▶ **YOUR TASK**:
In the material below, find the span from the line with "World's Greatest Health" to the line with "Tasse à thé" and transcribe only those lines, exactly, ends included, without the pictures.

▶ **DATA TO USE**:
BEGIN

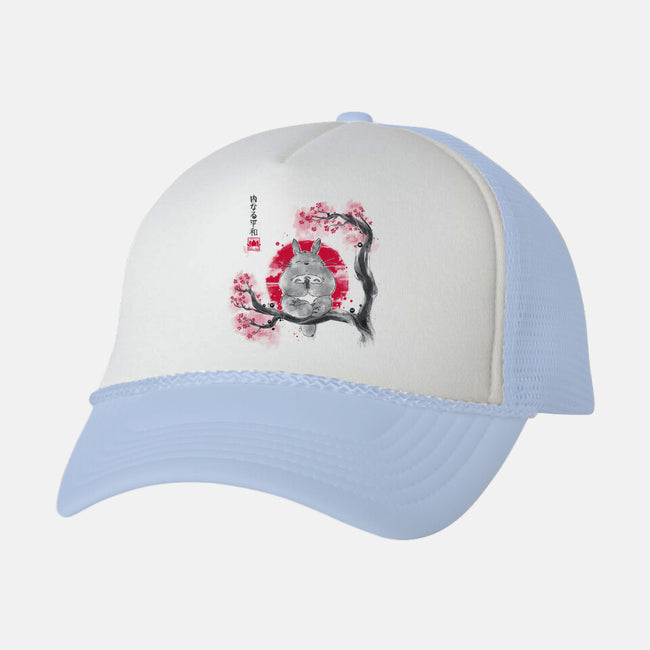 Inner Peace Sumi-e-unisex trucker hat-Getsousa!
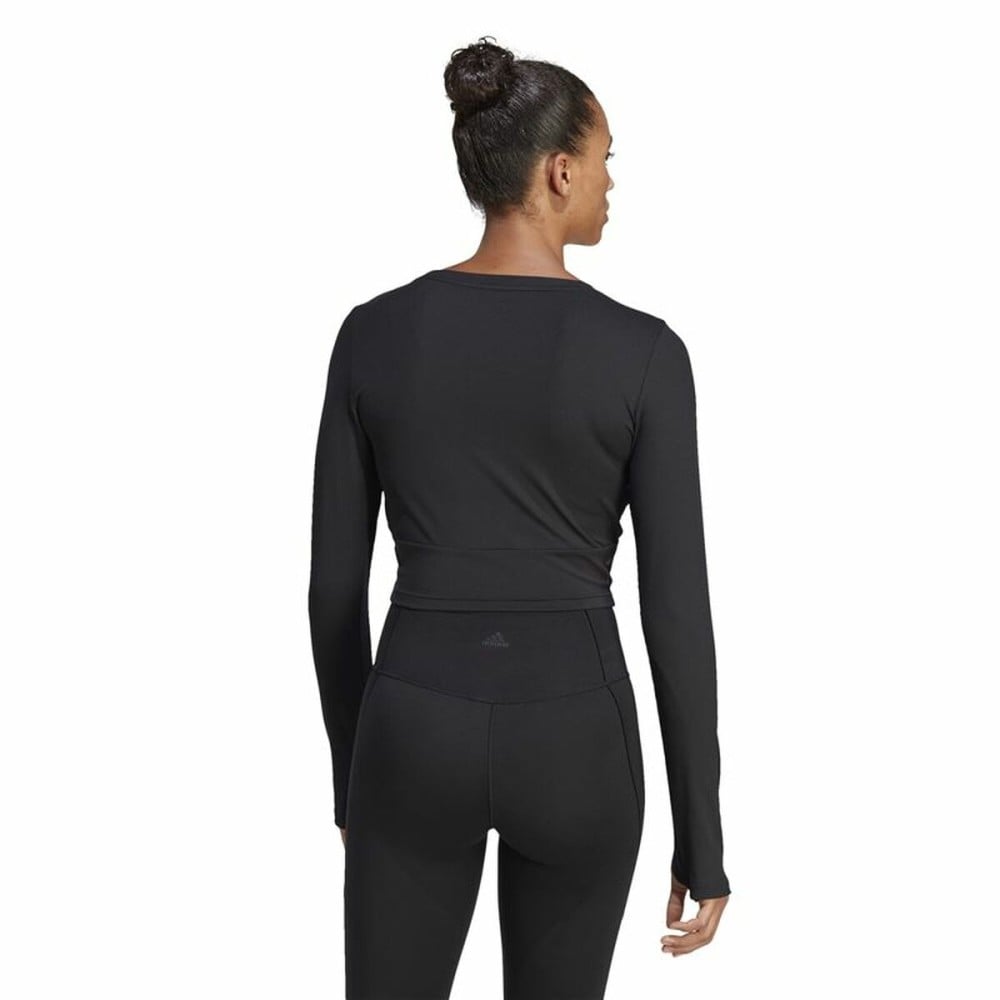 Women’s Long Sleeve T-Shirt Adidas Studio Black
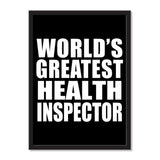 World's Greatest Health Inspector - Portrait Frame Photo Tile
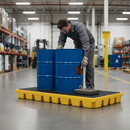 Premium Heavy Duty 2 Drum Work Floor for Safe Oil and Chemical Storage with 112 Litre Sump Capacity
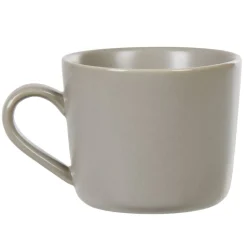 Tasse à thé ou capuccino en porcelaine gris^Gifi Hot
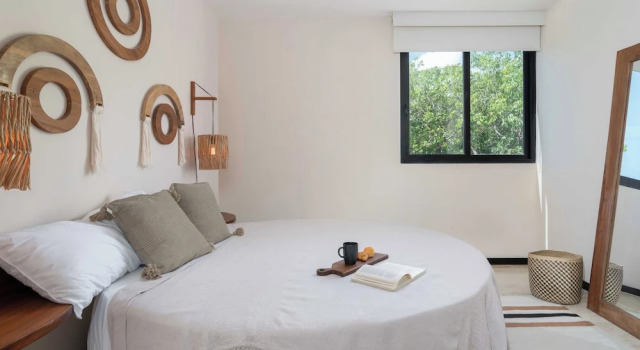 Beautiful 2BR apartment in fully equipped hotel in Tulum, Rezerwuj Apartament Hotele w Quintana Roo z parkingiem, Parking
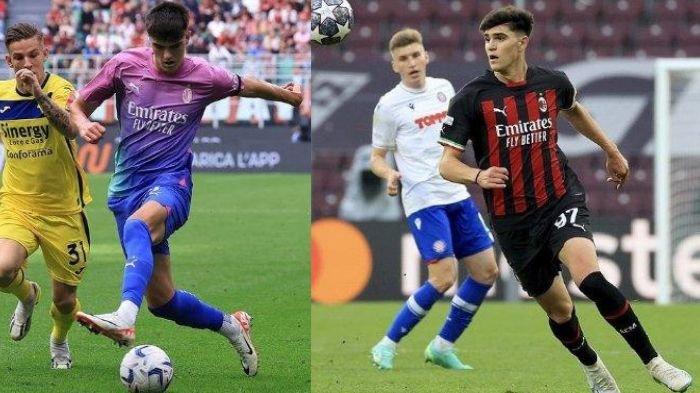 Davide Bartesaghi, debutan termuda AC Milan yang digadang jadi suksesor Theo Hernandez
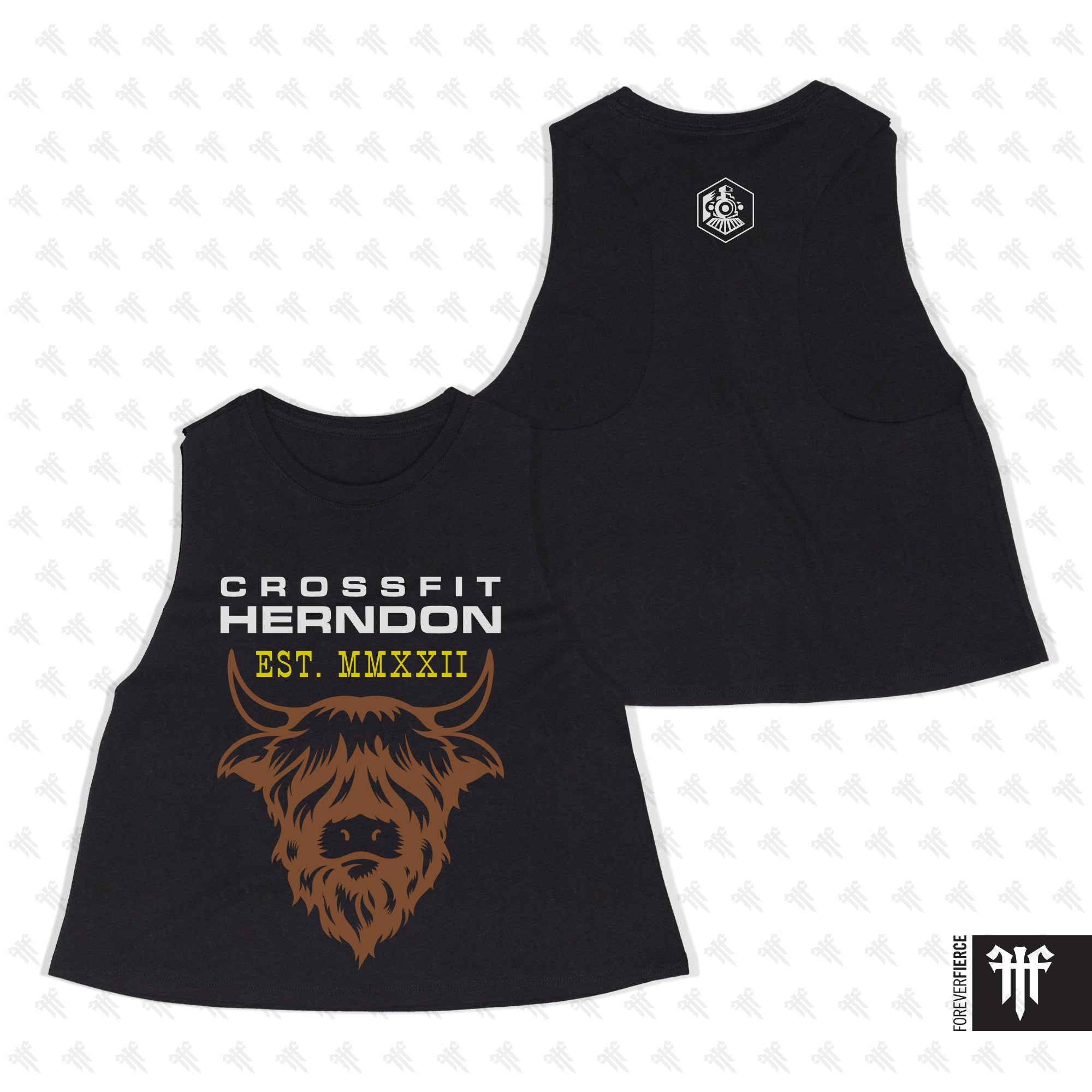 CrossFit Herndon April 2026 Womens Crop Tank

END

▶ **ANSWER BOX**:
 World's Greatest Health Inspector - Portrait Frame Photo Tile
 Premium Heavy Duty 2 Drum Work Floor for Safe Oil and Chemical Storage with 112 Litre Sump Capacity
 Tasse à thé ou capuccino en porcelaine gris^Gifi Hot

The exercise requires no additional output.